Haitian Compas Festival at the Forefront with Newest Elation Gear

In May, some of Elation Professional’s newest, cutting-edge lighting gear was used by Lighting Designer Daniel Cortes of Everlast Productions on the Haitian Compas Festival in Miami, one of the largest Caribbean festivals in the United States. The Haitian Compas Festival is a yearly celebration of the Haitian community that features popular musical acts along with traditional Haitian food and other facets of Haitian culture. After 18 years as a one-day event, this year’s festival was held over two days from 20-21st May at Bayfront Park in downtown Miami.

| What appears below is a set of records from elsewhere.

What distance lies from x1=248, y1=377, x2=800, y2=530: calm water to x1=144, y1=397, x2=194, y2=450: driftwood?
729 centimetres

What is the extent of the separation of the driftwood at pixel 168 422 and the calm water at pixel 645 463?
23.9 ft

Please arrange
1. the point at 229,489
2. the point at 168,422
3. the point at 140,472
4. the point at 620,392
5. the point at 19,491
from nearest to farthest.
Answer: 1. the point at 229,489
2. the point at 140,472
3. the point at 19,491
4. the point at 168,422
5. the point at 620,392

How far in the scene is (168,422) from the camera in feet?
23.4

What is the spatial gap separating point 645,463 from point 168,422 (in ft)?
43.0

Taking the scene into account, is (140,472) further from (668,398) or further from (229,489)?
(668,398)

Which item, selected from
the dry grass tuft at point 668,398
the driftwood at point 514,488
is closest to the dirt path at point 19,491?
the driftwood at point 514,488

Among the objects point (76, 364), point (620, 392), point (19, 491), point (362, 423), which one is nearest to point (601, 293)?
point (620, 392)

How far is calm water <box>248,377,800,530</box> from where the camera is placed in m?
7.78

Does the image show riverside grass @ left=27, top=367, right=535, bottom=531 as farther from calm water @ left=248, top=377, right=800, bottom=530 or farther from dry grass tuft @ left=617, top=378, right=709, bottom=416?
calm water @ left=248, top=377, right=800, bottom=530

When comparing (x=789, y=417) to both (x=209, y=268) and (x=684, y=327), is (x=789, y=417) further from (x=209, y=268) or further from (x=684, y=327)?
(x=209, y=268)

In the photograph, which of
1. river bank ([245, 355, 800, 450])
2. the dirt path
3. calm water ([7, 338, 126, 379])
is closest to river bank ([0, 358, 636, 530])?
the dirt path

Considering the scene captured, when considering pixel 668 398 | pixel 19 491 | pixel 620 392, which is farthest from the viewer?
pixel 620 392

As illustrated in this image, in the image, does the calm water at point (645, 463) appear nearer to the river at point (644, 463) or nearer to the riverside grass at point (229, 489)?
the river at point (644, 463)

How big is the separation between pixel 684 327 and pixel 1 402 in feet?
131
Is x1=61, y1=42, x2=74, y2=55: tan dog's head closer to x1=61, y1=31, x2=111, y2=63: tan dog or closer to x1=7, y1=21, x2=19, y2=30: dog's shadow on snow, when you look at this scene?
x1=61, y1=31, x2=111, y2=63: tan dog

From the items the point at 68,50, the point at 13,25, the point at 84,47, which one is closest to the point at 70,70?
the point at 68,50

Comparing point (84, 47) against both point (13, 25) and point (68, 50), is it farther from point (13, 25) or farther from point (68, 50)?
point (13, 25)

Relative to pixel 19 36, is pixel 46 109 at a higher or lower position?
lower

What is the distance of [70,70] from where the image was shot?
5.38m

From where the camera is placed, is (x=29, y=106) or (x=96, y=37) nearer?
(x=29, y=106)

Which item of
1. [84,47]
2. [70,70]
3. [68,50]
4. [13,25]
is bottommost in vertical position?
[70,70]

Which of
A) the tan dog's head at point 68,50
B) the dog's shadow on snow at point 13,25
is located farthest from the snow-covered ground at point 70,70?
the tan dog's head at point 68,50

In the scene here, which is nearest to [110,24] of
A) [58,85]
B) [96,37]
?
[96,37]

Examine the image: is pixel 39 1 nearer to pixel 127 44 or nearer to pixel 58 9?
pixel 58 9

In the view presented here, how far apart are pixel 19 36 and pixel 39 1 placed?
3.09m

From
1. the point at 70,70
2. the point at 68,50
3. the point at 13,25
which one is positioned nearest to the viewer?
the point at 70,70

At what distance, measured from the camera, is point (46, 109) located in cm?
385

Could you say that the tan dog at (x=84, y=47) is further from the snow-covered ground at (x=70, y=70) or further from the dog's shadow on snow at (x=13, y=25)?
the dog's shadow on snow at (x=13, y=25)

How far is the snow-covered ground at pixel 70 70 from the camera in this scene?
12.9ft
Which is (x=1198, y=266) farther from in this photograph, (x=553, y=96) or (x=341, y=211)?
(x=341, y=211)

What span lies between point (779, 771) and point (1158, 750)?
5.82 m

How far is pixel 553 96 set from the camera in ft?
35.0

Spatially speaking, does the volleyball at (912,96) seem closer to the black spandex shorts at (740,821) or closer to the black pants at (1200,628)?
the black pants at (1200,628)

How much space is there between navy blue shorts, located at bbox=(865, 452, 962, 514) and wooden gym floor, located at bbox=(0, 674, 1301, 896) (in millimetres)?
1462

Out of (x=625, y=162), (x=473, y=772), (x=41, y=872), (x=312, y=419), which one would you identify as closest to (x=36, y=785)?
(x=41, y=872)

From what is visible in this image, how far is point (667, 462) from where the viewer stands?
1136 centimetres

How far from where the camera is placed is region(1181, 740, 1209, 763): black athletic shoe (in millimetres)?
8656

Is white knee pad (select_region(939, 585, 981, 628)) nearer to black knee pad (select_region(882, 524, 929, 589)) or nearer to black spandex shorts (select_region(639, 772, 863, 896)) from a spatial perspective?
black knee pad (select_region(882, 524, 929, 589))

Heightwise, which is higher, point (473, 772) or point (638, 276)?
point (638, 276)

For Miami’s Haitian community, Compas was an opportunity to put the méringue sounds of konpa (compas) music in focus while partying beneath the bright lights of a truly contemporary rig. This year an all-Elation rig provided the visual dynamics with some of the company’s newest lighting products in action: IP-rated Proteus Beam moving heads, Paladin blinder/strobe/wash lights, Platinum 1200 Wash lights and DTW Blinder 700 IP variable white LED blinders, as well as Elation’s award-winning Platinum FLX hybrid moving head and the long-time industry workhorse beam light, the Platinum Beam 5R Extreme.

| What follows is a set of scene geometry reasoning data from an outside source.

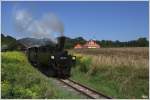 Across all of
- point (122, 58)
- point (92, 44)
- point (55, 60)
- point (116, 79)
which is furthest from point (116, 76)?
point (92, 44)

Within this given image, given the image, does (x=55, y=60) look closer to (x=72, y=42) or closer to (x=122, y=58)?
(x=122, y=58)

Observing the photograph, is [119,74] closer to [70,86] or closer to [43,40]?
[70,86]

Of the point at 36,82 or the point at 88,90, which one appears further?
the point at 88,90

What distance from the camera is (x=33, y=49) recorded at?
60.3 ft

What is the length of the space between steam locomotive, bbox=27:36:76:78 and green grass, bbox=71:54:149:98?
51cm

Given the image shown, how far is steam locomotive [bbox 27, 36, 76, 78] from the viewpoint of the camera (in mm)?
15864

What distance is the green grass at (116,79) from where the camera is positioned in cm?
1063

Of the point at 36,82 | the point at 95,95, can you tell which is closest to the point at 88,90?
the point at 95,95

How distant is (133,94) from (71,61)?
6421 millimetres

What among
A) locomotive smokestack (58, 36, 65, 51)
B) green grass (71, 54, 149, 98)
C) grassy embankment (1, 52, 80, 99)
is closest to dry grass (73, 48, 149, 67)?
green grass (71, 54, 149, 98)

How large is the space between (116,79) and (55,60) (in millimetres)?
4194

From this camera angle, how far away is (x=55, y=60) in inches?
624

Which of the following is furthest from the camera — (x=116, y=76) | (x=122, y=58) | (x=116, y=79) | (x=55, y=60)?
(x=122, y=58)

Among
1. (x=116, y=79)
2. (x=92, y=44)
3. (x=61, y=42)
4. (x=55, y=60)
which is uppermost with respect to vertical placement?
(x=61, y=42) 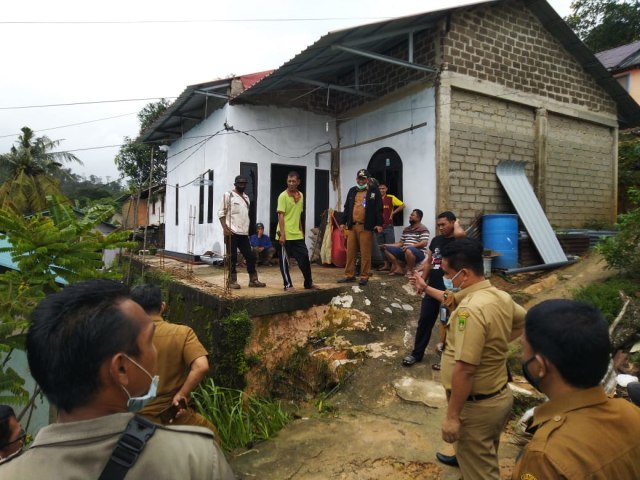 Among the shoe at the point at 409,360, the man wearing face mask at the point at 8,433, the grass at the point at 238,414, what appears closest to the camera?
the man wearing face mask at the point at 8,433

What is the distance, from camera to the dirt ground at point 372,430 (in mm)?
3336

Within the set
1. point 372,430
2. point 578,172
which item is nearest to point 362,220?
point 372,430

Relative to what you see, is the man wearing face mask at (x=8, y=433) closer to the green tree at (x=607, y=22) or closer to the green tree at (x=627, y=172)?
the green tree at (x=627, y=172)

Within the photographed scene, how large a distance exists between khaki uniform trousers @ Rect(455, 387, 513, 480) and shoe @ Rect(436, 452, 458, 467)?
1.05 m

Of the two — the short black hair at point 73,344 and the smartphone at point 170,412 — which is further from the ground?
the short black hair at point 73,344

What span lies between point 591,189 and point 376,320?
7344 millimetres

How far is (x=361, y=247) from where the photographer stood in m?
6.45

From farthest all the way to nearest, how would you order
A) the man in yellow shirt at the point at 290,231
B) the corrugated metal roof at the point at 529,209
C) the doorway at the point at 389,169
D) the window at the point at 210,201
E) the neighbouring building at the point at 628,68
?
1. the neighbouring building at the point at 628,68
2. the window at the point at 210,201
3. the doorway at the point at 389,169
4. the corrugated metal roof at the point at 529,209
5. the man in yellow shirt at the point at 290,231

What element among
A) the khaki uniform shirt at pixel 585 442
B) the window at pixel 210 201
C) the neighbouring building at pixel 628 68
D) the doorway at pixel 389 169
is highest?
the neighbouring building at pixel 628 68

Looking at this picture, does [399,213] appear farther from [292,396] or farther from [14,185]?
[14,185]

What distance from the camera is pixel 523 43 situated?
28.6 feet

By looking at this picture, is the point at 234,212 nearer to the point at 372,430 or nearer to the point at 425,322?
the point at 425,322

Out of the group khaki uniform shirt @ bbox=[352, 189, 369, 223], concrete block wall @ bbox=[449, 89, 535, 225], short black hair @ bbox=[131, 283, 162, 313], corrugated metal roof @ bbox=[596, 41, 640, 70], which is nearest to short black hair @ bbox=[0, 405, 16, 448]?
short black hair @ bbox=[131, 283, 162, 313]

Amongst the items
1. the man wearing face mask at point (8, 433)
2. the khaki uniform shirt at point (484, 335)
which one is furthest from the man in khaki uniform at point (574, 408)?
the man wearing face mask at point (8, 433) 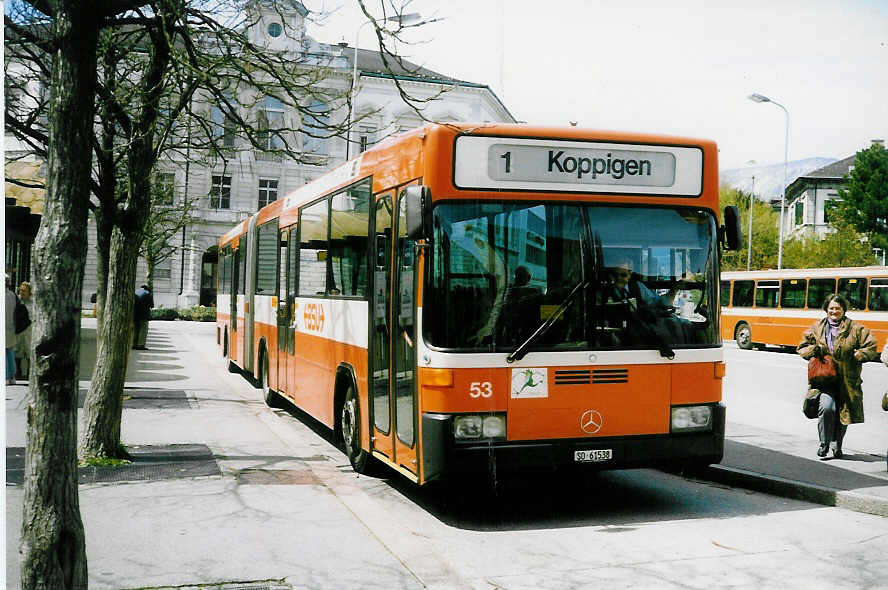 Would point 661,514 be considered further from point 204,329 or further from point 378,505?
point 204,329

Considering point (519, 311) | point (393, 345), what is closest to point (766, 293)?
point (393, 345)

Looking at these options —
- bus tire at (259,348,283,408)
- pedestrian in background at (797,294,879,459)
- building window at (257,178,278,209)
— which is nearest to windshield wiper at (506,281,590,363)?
pedestrian in background at (797,294,879,459)

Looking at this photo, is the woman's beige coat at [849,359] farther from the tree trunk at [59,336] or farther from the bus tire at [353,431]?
the tree trunk at [59,336]

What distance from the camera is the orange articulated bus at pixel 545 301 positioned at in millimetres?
7004

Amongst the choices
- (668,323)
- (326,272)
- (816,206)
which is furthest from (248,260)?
(816,206)

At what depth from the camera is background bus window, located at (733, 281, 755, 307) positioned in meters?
34.0

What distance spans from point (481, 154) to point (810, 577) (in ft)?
11.9

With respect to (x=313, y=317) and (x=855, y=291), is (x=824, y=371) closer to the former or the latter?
(x=313, y=317)

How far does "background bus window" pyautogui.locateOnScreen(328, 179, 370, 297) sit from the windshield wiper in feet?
7.03

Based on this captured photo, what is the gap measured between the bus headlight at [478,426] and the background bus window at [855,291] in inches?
958

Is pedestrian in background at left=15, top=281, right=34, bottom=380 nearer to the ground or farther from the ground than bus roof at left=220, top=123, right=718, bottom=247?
nearer to the ground

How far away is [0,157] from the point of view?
345 cm

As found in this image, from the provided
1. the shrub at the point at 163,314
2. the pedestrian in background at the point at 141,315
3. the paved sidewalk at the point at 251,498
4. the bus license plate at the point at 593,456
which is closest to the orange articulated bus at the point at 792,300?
the paved sidewalk at the point at 251,498

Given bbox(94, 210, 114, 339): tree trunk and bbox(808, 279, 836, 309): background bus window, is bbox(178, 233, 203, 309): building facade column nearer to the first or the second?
bbox(808, 279, 836, 309): background bus window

Everlast Productions of Dania Beach, Florida, has provided lighting services for the festival for several years with Everlast’s Daniel Cortes serving as lighting designer and programmer for this year’s event.

Proteus Beam                                                                                                           The Elation lighting filled a series of horizontal trusses with some lights working from the floor. The new IP65-rated Proteus Beam worked from a downstage position and was used for front wash and dynamic effects for the audience. “My game plan was to use the frost on the fixtures and front wash the band with the beams and it worked out just fine,” commented Cortes, who worked with the Proteus fixtures for the first time. “They have CMY mixing capability so changing colours while cues were being played was smooth. I was able to create audience looks and make it look great.”
Cortes also turned to the Proteus Beam’s selection of rotating and static-stamped gobos to project dynamic mid-air looks from a mid-downstage position, which he said “looked awesome,”.

“The Proteus Beams are definitely something I will use whenever I have the opportunity again. It was also important that these fixtures were weather protected as they were exposed on the downstage. Their IP65 rating meant there were no worries.” he added.

Mid-stage effects                                                                                                 Working from the mid-stage on three separate runs of 30-inch truss were Platinum 1200 Wash fixtures, Paladin units and Platinum Beam 5R Extremes. The Platinum 1200 Washes were used for backlight with their 19 individual pixel RGBW LEDs allowing Cortes to pixel map and create eye candy looks for camera. “They are crazy bright so I was also using them for solo band positions,” he said. “I am a big fan of zoom effects so using the 8 to 77-degree zoom as a chase effect looked great with haze.”

Cortes was one of the first in North America to get his hands on the IP65-rated Paladin, Elation’s new versatile hybrid LED luminaire with zoom that functions as a brilliantly bright blinder, powerful strobe and high output wash light. “The Paladin fixtures are just phenomenal all the way around,” he said. “I pixel-mapped them along with the Platinum 1200 Wash units and they gave a powerful creative look to the show.” Like the Proteus Beams, Cortes found creative ways to use the Platinum Beam 5R Extremes, a light he has been using since its first generation. “Since I used frost on the Proteus Beams for front light I really never thought about using them on beams since I really only use them for dynamic effects,” he said. “When a song ended I used the frost on the 5R Beams to sweep them to the audience and swipe from the upstage to the downstage with beams and then give it a bang with frost.”

Cortes used another of Elation’s newer lights, the variable-white DTW Blinder 700 IP, which were used as traditional audience blinder effects or warmed to enhance special moments. “The DTW Blinders were crazy bright as a blinder effect,” he said, “and their warm white and amber COB LEDs gave a nice ambient look as the music slowed down and a slow look came up.”

Platinum FLX
The innovative lighting technology continued upstage where Elation Platinum FLX hybrid units were placed on stage in front of an LED riser and flown in the air. “The FLX is a great spot fixture and also great for dynamic beam effects, great gobos and the zoom is awesome,” Cortes said of the award-winning multifunctional light. “What I really like about them, since we do a lot of corporate work, is the gobos, which are great. So is the focus and zoom. You can go from colour mixing to colour wheel and you can’t really notice the snap.” With so many versatile lights at his disposal, Cortes was able to create an endless stream of stunning looks throughout the two-day festival. “We used swipes, aerials, colours, all the fun stuff mixed in to make the show look great,” he concluded. “Combined with the different pixel cells and different layers it gave a lot of possibilities.”